* **DESCRIPTION OF THE TASK**:
All the entries that follow must be written out again exactly.

* **EXERCISE INPUT**:
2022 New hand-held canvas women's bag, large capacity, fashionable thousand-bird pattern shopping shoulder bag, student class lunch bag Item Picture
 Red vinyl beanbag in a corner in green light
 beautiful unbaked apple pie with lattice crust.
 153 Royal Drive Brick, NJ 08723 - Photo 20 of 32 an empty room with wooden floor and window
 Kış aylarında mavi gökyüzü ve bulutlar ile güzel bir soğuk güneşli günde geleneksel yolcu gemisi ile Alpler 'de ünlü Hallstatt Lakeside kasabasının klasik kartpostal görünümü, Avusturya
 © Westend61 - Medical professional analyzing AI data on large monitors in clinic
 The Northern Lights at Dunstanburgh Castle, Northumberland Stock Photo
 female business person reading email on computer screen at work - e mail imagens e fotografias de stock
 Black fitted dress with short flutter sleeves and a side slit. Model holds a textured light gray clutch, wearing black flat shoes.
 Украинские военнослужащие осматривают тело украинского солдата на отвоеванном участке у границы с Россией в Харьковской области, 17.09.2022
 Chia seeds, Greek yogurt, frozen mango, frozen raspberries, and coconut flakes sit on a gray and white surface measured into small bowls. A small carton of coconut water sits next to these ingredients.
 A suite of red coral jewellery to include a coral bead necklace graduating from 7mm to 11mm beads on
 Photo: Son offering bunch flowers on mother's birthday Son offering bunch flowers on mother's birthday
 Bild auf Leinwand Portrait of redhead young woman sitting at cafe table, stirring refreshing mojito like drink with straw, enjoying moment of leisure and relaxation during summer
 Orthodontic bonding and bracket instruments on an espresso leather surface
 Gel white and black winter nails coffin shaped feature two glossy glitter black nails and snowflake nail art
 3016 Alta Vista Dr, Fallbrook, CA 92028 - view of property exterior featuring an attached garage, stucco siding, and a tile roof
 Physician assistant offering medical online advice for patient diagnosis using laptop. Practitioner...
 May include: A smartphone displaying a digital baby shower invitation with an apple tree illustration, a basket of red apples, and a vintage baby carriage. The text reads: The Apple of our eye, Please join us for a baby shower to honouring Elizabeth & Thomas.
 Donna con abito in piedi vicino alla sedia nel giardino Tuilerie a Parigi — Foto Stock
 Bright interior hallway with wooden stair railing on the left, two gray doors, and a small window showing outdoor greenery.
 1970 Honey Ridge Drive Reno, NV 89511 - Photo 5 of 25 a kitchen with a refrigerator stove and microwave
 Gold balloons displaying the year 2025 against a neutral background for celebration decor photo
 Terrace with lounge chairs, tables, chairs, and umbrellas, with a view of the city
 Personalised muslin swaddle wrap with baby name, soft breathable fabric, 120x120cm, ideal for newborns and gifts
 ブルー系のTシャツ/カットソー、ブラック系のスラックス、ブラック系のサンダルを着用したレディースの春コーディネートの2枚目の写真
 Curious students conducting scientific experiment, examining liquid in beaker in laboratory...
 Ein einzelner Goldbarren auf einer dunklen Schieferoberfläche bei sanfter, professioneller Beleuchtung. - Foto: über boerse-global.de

* **SOLUTION FOR THIS TASK**:
2022 New hand-held canvas women's bag, large capacity, fashionable thousand-bird pattern shopping shoulder bag, student class lunch bag Item Picture
 Red vinyl beanbag in a corner in green light
 beautiful unbaked apple pie with lattice crust.
 153 Royal Drive Brick, NJ 08723 - Photo 20 of 32 an empty room with wooden floor and window
 Kış aylarında mavi gökyüzü ve bulutlar ile güzel bir soğuk güneşli günde geleneksel yolcu gemisi ile Alpler 'de ünlü Hallstatt Lakeside kasabasının klasik kartpostal görünümü, Avusturya
 © Westend61 - Medical professional analyzing AI data on large monitors in clinic
 The Northern Lights at Dunstanburgh Castle, Northumberland Stock Photo
 female business person reading email on computer screen at work - e mail imagens e fotografias de stock
 Black fitted dress with short flutter sleeves and a side slit. Model holds a textured light gray clutch, wearing black flat shoes.
 Украинские военнослужащие осматривают тело украинского солдата на отвоеванном участке у границы с Россией в Харьковской области, 17.09.2022
 Chia seeds, Greek yogurt, frozen mango, frozen raspberries, and coconut flakes sit on a gray and white surface measured into small bowls. A small carton of coconut water sits next to these ingredients.
 A suite of red coral jewellery to include a coral bead necklace graduating from 7mm to 11mm beads on
 Photo: Son offering bunch flowers on mother's birthday Son offering bunch flowers on mother's birthday
 Bild auf Leinwand Portrait of redhead young woman sitting at cafe table, stirring refreshing mojito like drink with straw, enjoying moment of leisure and relaxation during summer
 Orthodontic bonding and bracket instruments on an espresso leather surface
 Gel white and black winter nails coffin shaped feature two glossy glitter black nails and snowflake nail art
 3016 Alta Vista Dr, Fallbrook, CA 92028 - view of property exterior featuring an attached garage, stucco siding, and a tile roof
 Physician assistant offering medical online advice for patient diagnosis using laptop. Practitioner...
 May include: A smartphone displaying a digital baby shower invitation with an apple tree illustration, a basket of red apples, and a vintage baby carriage. The text reads: The Apple of our eye, Please join us for a baby shower to honouring Elizabeth & Thomas.
 Donna con abito in piedi vicino alla sedia nel giardino Tuilerie a Parigi — Foto Stock
 Bright interior hallway with wooden stair railing on the left, two gray doors, and a small window showing outdoor greenery.
 1970 Honey Ridge Drive Reno, NV 89511 - Photo 5 of 25 a kitchen with a refrigerator stove and microwave
 Gold balloons displaying the year 2025 against a neutral background for celebration decor photo
 Terrace with lounge chairs, tables, chairs, and umbrellas, with a view of the city
 Personalised muslin swaddle wrap with baby name, soft breathable fabric, 120x120cm, ideal for newborns and gifts
 ブルー系のTシャツ/カットソー、ブラック系のスラックス、ブラック系のサンダルを着用したレディースの春コーディネートの2枚目の写真
 Curious students conducting scientific experiment, examining liquid in beaker in laboratory...
 Ein einzelner Goldbarren auf einer dunklen Schieferoberfläche bei sanfter, professioneller Beleuchtung. - Foto: über boerse-global.de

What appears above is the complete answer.